Last Call Review of draft-ietf-6man-stable-privacy-addresses-16

Request Review of draft-ietf-6man-stable-privacy-addresses
Requested rev. no specific revision (document currently at 17)
Type Last Call Review
Team Ops Directorate (opsdir)
Deadline 2014-01-21
Requested 2013-12-12
Draft last updated 2014-01-23
Completed reviews Genart Last Call review of -06 by Ben Campbell (diff)
Genart Last Call review of -16 by Ben Campbell (diff)
Secdir Last Call review of -14 by Vincent Roca (diff)
Opsdir Last Call review of -16 by Tim Chown (diff)
Assignment Reviewer Tim Chown
State Completed
Review review-ietf-6man-stable-privacy-addresses-16-opsdir-lc-chown-2014-01-23
Reviewed rev. 16 (document currently at 17)
Review result Has Issues
Review completed: 2014-01-23



First, I would note that I have already contributed comments/text to this draft, as acknowledged by Fernando.  It’s been a few versions since I last read it.

The goal of the draft has considerable merit, and I believe the document is worthy of publication, subject to comments belwo being considered.

I would classify the document as ‘Ready with issues’.


1. In the discussion in section 5 on the algorithm, it may be desirable to suggest that implementations allow a choice of IID generation based on ‘classic’ SLAAC with EUI-64 or via this new proposed method, with a default of the new method.

2. In the algorithm section, there is a comment that interface names MUST remain the same across boots or down/up events for the stable privacy address to remain stable. I have (admittedly some time ago, and in rare cases) seen Linux installations where network interface names can ‘swap’, thus changing the address in use on the interface under the proposed algorithm, whereas with existing EUI64 SLAAC the IIDs would remain the same even if the interface name for a physical interface changed. This is probably rather more likely if replacing a network card on motherboard with on-board NIC(s).  Perhaps Fernando can comment on whether this is a realistic concern with modern OSes.

3. I assume the IID may/will vary for a different OS run on the same host, e.g. where the host is dual-boot, or where a new OS installed (or the same OS re-installed).

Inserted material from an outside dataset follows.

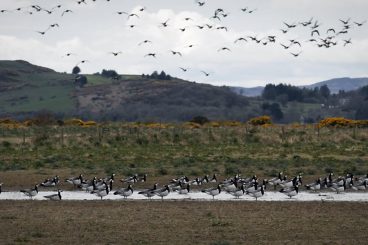 Bird flu reaches region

A different OS may well use a different F(), given that’s not specified.  With EUI-64, a dual-boot host would likely have the same address under either OS (well, not Windows any more…).  This may be worth making explicit.

4. The draft talks (in one place in Section 3) about stable privacy addresses being allocated by DHCPv6; some further discussion of how this might be achieved may be useful given the secret key is presumed to be generated on and reside on the host, not the DHCPv6 server.  Or would this be described in a separate future draft?  This may be a case where the administrator being able to display or change the secret key needs to be more than a MAY as currently satted in the text.

5. Design goal 1 might add “and same interface” for scenarios where a host has two interfaces in the same subnet (with the same prefix).  This scenario is one that may cause ‘interesting’ effects with addresses if interface names swap and no Network_ID is used.

6. I’d suggest not mentioning MD5.


1. Some references are included multiple times, e.g. [RFC4941], rather than only at the first instance.

2. Design goal 2, perhaps say “must” rather than “do”?

3. In section 4 the author states the goal of stable IIDs within a given subnet. It may be better to say for a given prefix, given a renumbering process will change the prefix and with it the IID, though by loose language you might refer to it as the same subnet.

In response to recent discussion on 6man, I don’t believe it’s practical or desirable for a node to store addresses related to locations (networks) visited.  I agree with the author that the static address per network should be generated statelessly.